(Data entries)
▬▬▬▬▬▬▬▬▬▬
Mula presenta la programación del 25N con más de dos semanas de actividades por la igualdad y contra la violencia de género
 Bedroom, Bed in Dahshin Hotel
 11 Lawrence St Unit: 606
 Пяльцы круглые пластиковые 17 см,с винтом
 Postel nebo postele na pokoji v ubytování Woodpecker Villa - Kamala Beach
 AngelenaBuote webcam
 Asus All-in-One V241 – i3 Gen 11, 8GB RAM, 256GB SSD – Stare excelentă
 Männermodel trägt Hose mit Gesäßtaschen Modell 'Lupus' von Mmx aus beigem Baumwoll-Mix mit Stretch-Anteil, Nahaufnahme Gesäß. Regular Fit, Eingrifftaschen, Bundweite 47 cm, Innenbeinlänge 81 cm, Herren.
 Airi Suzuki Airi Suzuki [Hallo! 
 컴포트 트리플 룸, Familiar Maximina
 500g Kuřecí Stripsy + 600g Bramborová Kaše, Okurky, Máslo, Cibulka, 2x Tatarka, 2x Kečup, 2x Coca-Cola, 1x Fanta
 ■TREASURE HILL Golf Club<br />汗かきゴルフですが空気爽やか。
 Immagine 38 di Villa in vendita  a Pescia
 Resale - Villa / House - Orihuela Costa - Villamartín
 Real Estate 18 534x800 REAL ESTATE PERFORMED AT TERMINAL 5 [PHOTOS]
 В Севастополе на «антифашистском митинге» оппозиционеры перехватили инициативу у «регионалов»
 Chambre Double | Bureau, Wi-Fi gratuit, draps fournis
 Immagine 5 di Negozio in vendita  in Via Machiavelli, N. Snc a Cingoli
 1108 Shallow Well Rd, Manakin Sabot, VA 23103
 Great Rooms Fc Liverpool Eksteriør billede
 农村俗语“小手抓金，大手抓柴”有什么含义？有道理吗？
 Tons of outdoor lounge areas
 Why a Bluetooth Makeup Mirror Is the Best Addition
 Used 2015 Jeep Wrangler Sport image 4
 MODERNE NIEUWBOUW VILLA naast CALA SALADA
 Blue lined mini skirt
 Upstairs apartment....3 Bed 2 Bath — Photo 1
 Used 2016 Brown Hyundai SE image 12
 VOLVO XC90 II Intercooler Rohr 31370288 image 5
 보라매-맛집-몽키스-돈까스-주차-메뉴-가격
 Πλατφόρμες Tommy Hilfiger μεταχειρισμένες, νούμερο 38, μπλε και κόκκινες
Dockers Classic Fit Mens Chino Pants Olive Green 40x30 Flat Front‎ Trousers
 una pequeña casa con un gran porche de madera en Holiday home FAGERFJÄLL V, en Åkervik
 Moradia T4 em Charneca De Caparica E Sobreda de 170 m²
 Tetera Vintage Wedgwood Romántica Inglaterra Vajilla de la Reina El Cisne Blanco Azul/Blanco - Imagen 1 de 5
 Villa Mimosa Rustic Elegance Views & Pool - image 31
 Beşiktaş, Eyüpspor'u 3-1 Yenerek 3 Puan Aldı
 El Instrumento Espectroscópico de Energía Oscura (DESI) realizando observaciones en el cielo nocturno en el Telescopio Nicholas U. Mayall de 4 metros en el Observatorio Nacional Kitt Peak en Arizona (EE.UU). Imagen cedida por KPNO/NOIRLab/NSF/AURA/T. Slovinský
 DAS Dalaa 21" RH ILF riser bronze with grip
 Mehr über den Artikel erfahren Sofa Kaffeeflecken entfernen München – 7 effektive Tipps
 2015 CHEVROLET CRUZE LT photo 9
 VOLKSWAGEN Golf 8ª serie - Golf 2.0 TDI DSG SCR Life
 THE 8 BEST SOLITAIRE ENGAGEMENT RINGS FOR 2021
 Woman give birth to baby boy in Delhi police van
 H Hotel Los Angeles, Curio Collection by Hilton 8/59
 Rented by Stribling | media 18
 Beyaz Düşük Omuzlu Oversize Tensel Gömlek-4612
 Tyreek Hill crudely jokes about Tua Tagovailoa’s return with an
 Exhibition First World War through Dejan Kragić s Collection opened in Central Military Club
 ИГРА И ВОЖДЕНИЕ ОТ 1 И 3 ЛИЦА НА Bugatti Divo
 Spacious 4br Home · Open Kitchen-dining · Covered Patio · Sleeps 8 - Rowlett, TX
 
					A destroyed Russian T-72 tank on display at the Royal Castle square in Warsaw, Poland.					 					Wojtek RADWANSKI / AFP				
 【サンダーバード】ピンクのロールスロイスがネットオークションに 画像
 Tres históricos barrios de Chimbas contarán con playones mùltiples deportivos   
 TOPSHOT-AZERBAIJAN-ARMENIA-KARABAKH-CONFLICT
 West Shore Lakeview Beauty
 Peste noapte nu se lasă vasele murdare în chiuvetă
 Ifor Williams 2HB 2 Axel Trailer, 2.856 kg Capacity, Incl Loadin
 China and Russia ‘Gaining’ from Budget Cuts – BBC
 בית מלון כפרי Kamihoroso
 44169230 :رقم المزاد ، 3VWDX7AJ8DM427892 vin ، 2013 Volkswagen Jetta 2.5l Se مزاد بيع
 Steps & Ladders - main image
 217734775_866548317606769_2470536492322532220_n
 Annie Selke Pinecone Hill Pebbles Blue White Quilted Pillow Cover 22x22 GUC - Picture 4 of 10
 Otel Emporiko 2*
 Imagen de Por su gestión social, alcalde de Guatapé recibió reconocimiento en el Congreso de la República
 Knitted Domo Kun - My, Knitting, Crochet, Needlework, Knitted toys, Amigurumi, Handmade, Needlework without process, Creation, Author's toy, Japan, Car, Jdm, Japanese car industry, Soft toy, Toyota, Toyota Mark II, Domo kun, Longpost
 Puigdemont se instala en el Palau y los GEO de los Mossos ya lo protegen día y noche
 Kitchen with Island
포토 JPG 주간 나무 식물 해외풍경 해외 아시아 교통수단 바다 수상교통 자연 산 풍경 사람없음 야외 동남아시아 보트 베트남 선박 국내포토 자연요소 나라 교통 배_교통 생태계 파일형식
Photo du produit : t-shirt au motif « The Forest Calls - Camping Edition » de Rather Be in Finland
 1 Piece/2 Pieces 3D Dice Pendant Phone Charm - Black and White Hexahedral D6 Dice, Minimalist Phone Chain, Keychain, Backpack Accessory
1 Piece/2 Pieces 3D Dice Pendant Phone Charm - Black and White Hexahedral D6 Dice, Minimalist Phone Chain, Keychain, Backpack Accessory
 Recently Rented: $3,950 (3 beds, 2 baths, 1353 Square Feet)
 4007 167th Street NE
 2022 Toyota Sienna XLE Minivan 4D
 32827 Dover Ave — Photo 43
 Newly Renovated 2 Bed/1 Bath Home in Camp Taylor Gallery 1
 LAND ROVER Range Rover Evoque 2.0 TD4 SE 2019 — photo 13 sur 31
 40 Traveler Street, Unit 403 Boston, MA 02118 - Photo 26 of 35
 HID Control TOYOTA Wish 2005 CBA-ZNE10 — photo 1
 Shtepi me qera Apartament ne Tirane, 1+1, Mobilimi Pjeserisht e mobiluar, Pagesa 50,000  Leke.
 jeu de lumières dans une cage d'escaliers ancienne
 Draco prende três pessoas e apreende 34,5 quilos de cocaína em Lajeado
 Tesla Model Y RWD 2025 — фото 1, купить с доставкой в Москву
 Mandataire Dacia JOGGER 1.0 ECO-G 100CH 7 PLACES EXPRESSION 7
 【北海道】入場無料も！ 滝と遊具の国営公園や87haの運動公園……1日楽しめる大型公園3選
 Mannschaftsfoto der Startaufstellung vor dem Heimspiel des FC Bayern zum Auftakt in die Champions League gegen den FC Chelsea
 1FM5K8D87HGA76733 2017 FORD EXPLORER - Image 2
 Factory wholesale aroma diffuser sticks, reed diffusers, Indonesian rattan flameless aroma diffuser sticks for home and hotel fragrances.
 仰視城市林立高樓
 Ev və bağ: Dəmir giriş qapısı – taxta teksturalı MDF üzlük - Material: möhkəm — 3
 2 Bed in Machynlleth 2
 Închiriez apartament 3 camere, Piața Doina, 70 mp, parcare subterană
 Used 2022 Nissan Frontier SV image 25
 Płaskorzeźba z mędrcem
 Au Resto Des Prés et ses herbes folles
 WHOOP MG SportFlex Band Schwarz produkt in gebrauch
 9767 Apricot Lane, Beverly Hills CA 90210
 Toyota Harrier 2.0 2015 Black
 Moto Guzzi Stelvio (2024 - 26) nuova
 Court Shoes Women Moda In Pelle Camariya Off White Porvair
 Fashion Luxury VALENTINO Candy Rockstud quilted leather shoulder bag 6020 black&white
▬▬▬▬▬▬▬▬▬▬
The task
Print, exactly and only, the lines running from the one with "Moto Guzzi Stelvio (2024 - 26) nuova" to the end of the data above.

Answer to the problem
 Moto Guzzi Stelvio (2024 - 26) nuova
 Court Shoes Women Moda In Pelle Camariya Off White Porvair
 Fashion Luxury VALENTINO Candy Rockstud quilted leather shoulder bag 6020 black&white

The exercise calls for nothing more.